26 June 2007
MADIRD – Spain’s Prince Felipe and Prime Minister Jose Luis Rodriguez Zapatero joined the grieving families of six U.N. peacekeepers slain in a car bombing in Lebanon for the arrival of the bodies at an air base outside Madrid early Tuesday.
The bodies of the three Spaniards and three Colombians were flown out of Beirut on Monday evening and arrived in Spain shortly before 3 a.m. (0100 GMT). Defense Minister Jose Antonio Alonso, who flew to Lebanon following news of the attack, was on the flight.
The prince and prime minister were to attend a state funeral at an armed forces center on the outskirts of the Spanish capital at 12:30 p.m. (1030 GMT).
The Spanish army peacekeepers were patrolling the main road between the towns of Marjayoun and Khiam, a few kilometers north of the Israeli town of Metulla, when the bomb struck their armored personnel carrier Sunday. Two other soldiers were seriously wounded.

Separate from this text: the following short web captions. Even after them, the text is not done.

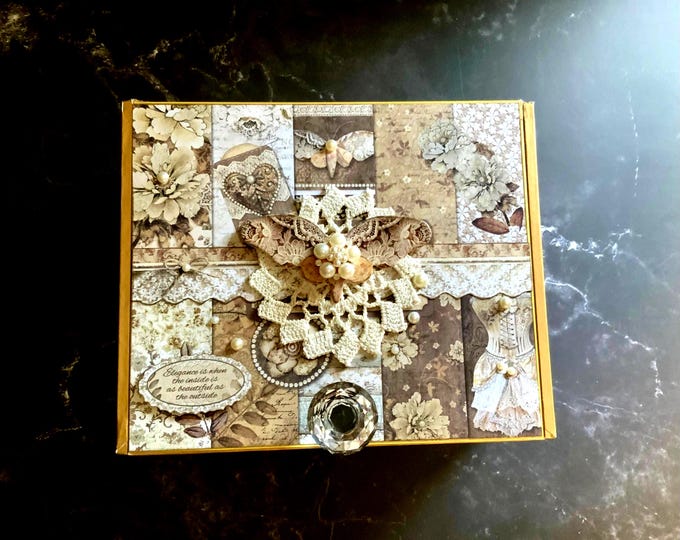 Victorian Decorated Cigar Box – Lace & Pearl Jewelry Box, Vintage-Inspired Memory Keepsake, Shabby Chic Trinket Storage, Vintage Lace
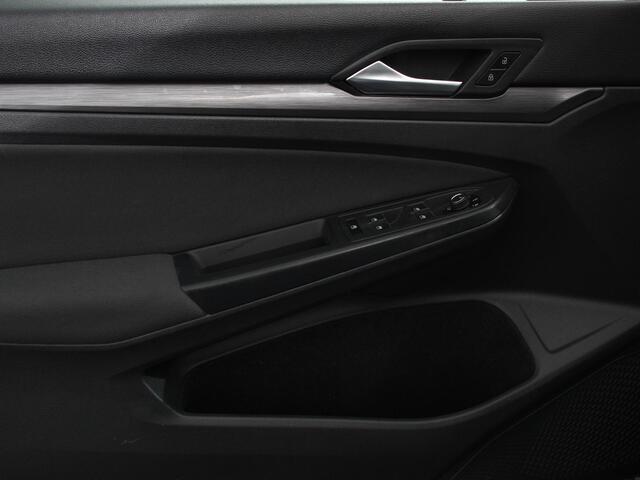 Volkswagen GOLF 1.5 eTSI 150pk DSG Style Navigatie Apple Carplay/Android Auto Parkeersensoren Camera Park Assist Adaptive Cruise Control Blind Spot Assist Stoel- en stuurverwarming Ledverlichting Virtual Cockpit Lane Assist Climatronic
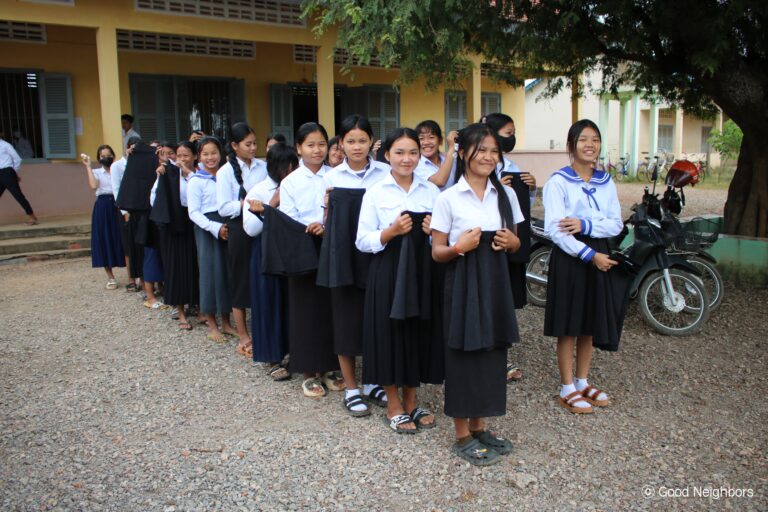 អង្គការហ្គូដណេប៊ឺសកម្ពុជា – លិខិតឆ្លងទៅកាន់អនាគតល្អរបស់កុមារកម្ពុជា 3 04 768x512 1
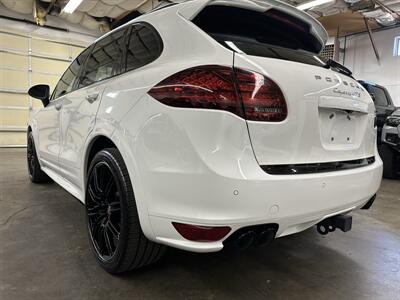 2014 Porsche Cayenne GTS - Photo 25 - Portland, OR 97220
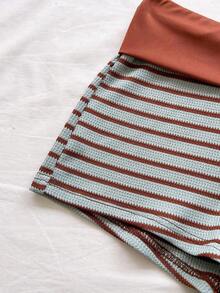 2 piezas Conjunto de camiseta de tirantes y pantalones cortos de punto a rayas con hebilla de metal, estilo casual de vacaciones, adecuado para fiesta, San Valentín, cita, discoteca, bohemio, vacaciones, otoño, ropa de mujer, vintage, días fest - Multicolor 2 - Ver 6
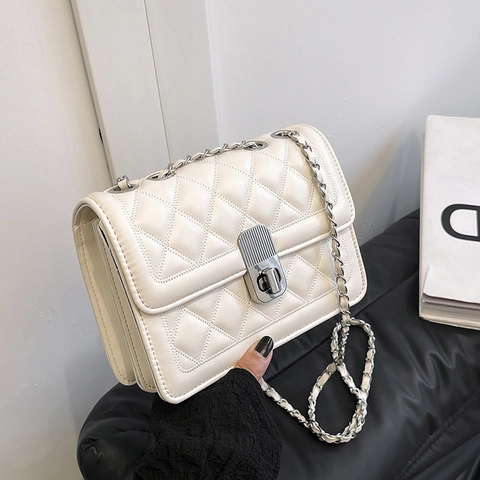 Fashion Women Quilted Chain Shoulder Bag PU Leather Small Square Crossbody Bag Elegant Messenger Bag For Daily Use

Nobody has claimed responsibility for the attack but the anti-Syrian coalition in parliament blamed Damascus, despite its condemnation of the bombing.
Spain has 1,100 peacekeepers in Lebanon, part of the 13,000-member U.N. Interim Force in Lebanon from 30 countries, which first deployed in Lebanon in 1978 and was reinforced in the past year. UNIFIL, along with 15,000 Lebanese troops, patrols a zone along the Lebanese-Israeli border.